[Image-caption web data]

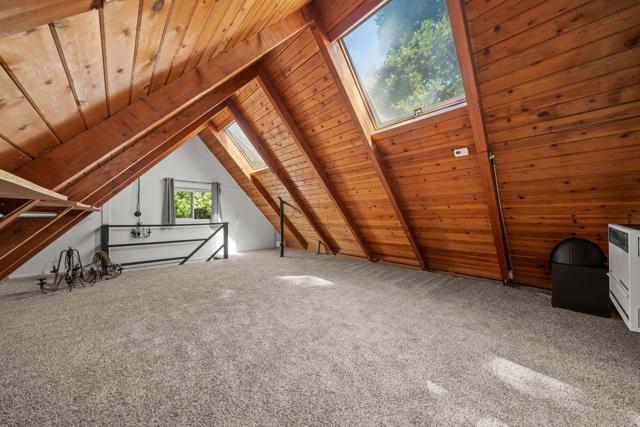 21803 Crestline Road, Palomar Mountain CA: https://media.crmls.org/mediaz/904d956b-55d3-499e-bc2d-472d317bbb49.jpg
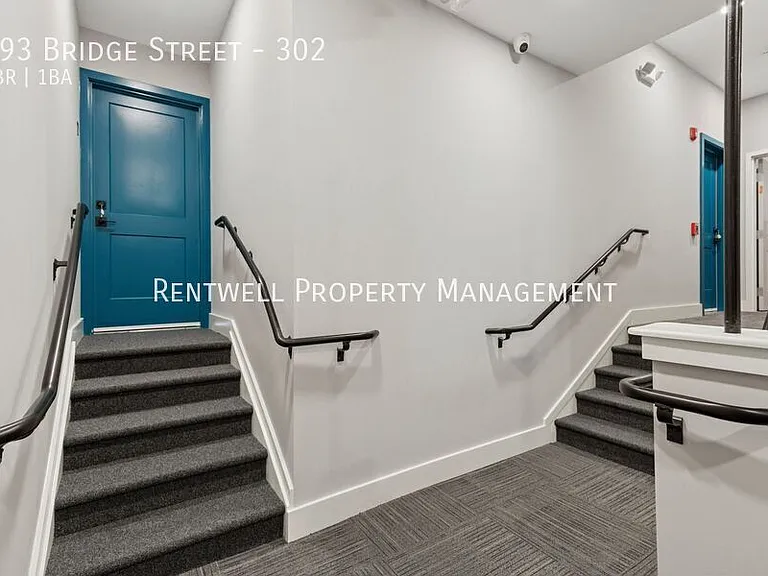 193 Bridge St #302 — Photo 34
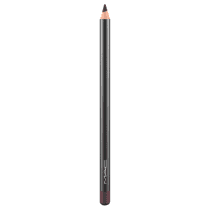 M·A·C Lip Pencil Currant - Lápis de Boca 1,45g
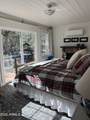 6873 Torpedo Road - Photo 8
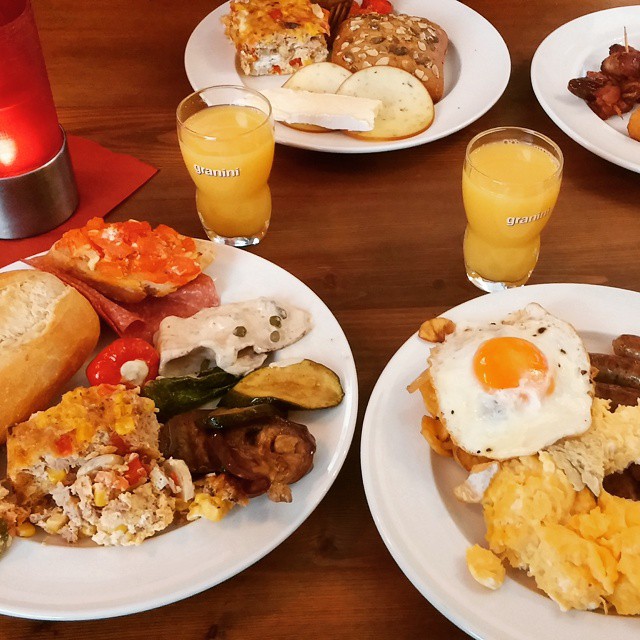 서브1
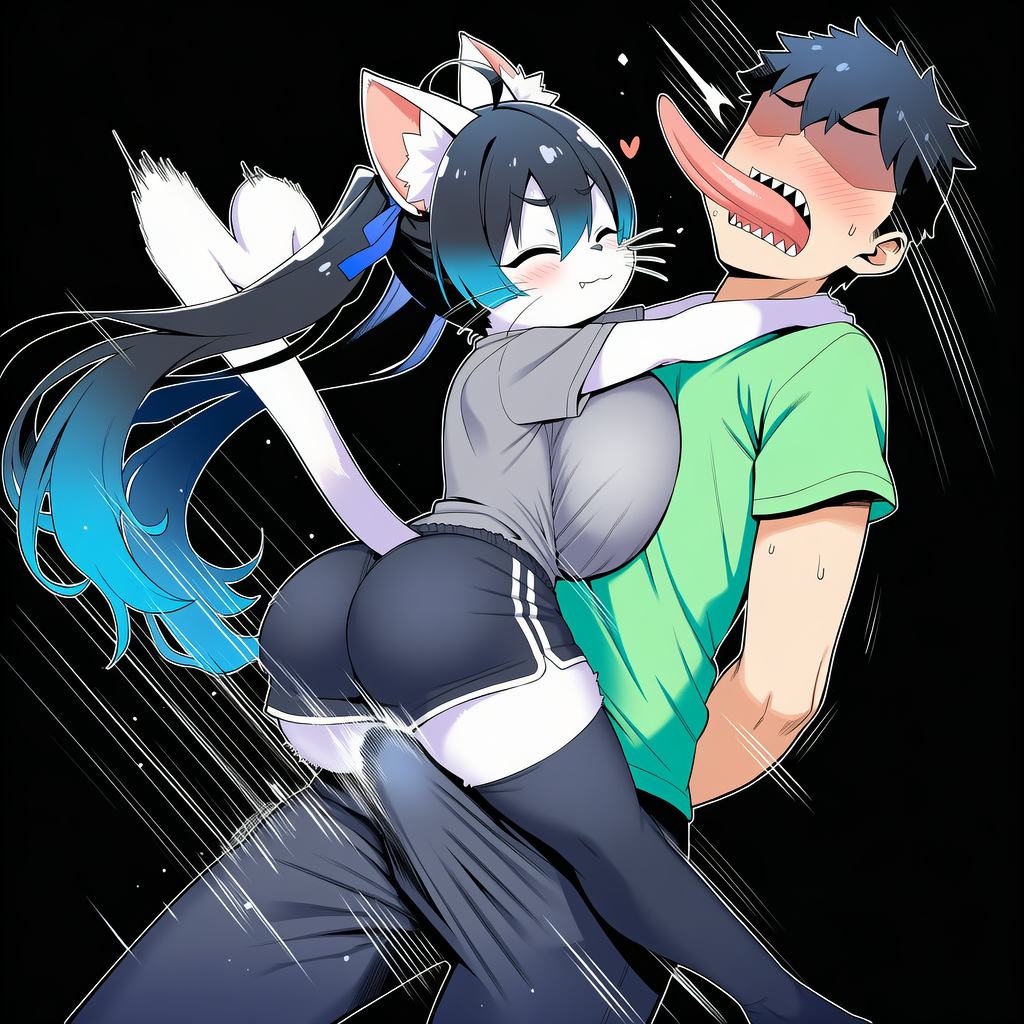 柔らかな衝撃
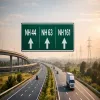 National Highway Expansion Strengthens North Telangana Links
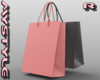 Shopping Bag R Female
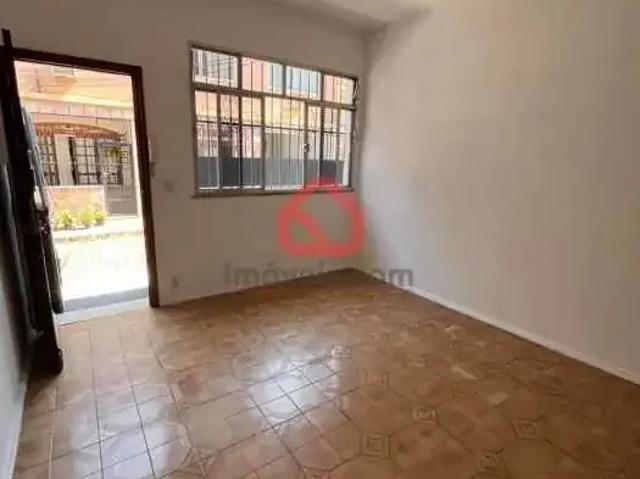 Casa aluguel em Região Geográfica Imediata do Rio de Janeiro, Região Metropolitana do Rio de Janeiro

**Activity:** From the first line to the last, repeat the data above exactly and leave the pictures out.

**Answer to the exercise:**
 21803 Crestline Road, Palomar Mountain CA: https://media.crmls.org/mediaz/904d956b-55d3-499e-bc2d-472d317bbb49.jpg
 193 Bridge St #302 — Photo 34
 M·A·C Lip Pencil Currant - Lápis de Boca 1,45g
 6873 Torpedo Road - Photo 8
 서브1
 柔らかな衝撃
 National Highway Expansion Strengthens North Telangana Links
 Shopping Bag R Female
 Casa aluguel em Região Geográfica Imediata do Rio de Janeiro, Região Metropolitana do Rio de Janeiro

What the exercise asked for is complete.